Hillary’s Health: Is it Time for More Transparency in the Health of Our Presidential Candidates?
The health of presidential candidates has been the topic of conversation on both sides of the political spectrum, as of late. Hillary Clinton (D) has been under intense scrutiny ever since her syncopal episode at a 9/11 memorial ceremony. Ms. Clinton was rushed into her private vehicle and taken to her daughter’s nearby apartment. Later, a campaign spokesperson revealed that Ms. Clinton had been diagnosed with pneumonia, two days prior. This incident, combined with recent coughing fits, has raised the eyes of the public as to the overall health of the Democratic presidential candidate.
There have been popular conspiracy theories for years regarding the health of Hillary Clinton. I do not plan discussing or even acknowledging these assertions. Rather, I believe it is more important to discuss a change in current political traditions. Presidential candidates should provide some form of confirmation by a group of physicians demonstrating that they are physically and mentally fit to serve as President of the United States.

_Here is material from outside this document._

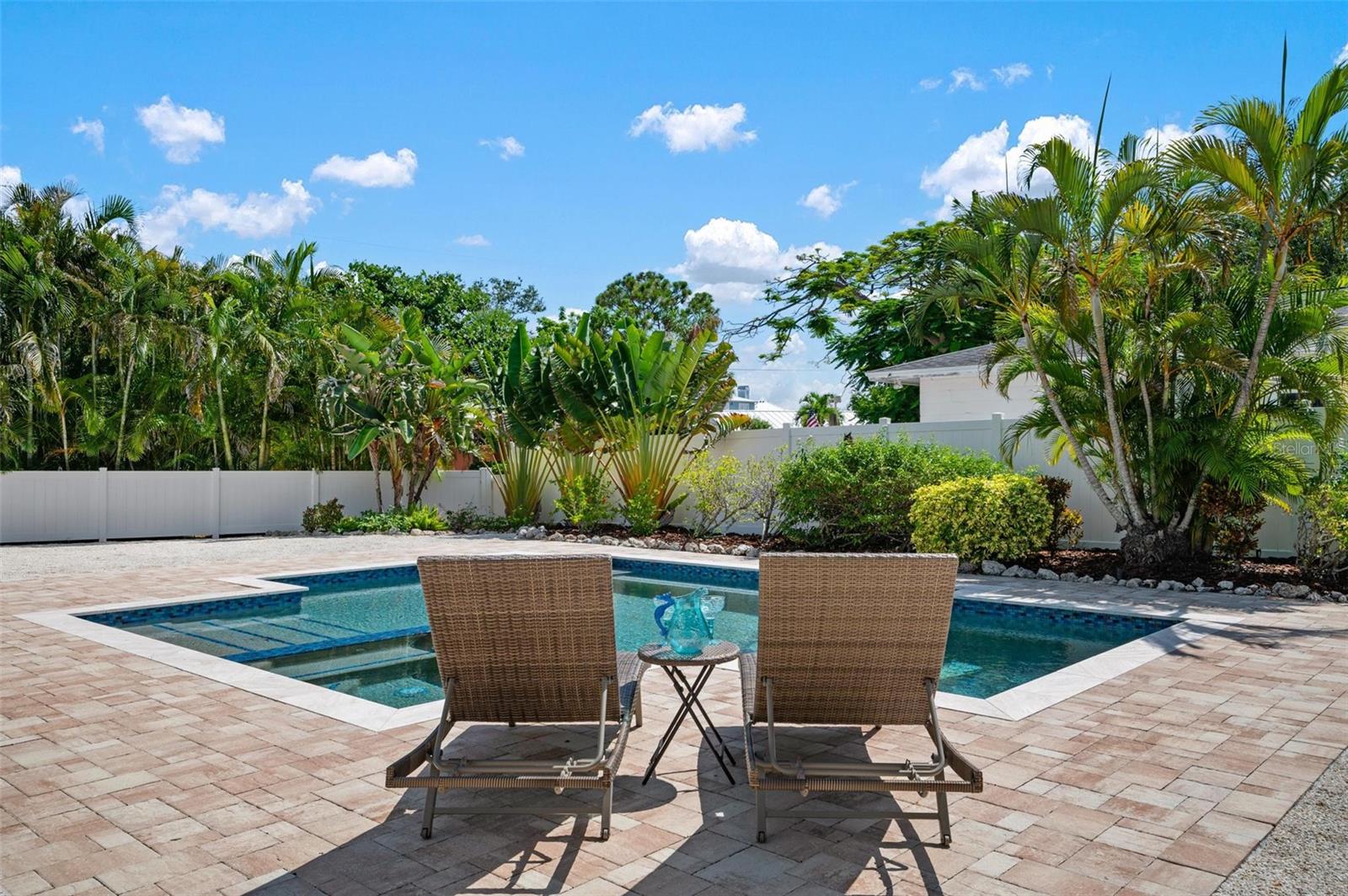 LUANA ISLES 1ST ADD - Residential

Obviously, amending laws to make this proposition mandatory is incredibly involved and generally unlikely. However, this change can still result from a shift in the social standard, if the candidates are pressed by the people and media.
Why is this important from a bioethical standpoint? A sudden illness displayed to the public should not be the incident that prompts a release of medical records. The personal health of a presidential candidate is equally important as his policies. Trade negotiations, international crises, and other aspects of foreign policy suffer when a president is physically or mentally unfit to meet with other world leaders. At home, the sudden death or incapacitation of a president would rock the American political structure to its core.
As an American citizen, it seems almost morally wrong to elect a president who may fall into the aforementioned health category. I recognize that every citizen has a right to his privacy, and HIPPA laws do not allow healthcare workers to share private information regarding a patient’s health. However, Hillary Clinton’s recent medical episodes have prompted the need for change. All major presidential candidates should be assessed by a group of doctors in order to confirm that the candidate is fit to serve. An unhealthy candidate’s condition could worsen throughout the election cycle considering the intensity of the campaign trail, risking the safety of the candidate themself. The findings of these professional assessments should be released to the public for the sake of the people, the candidate, and the country.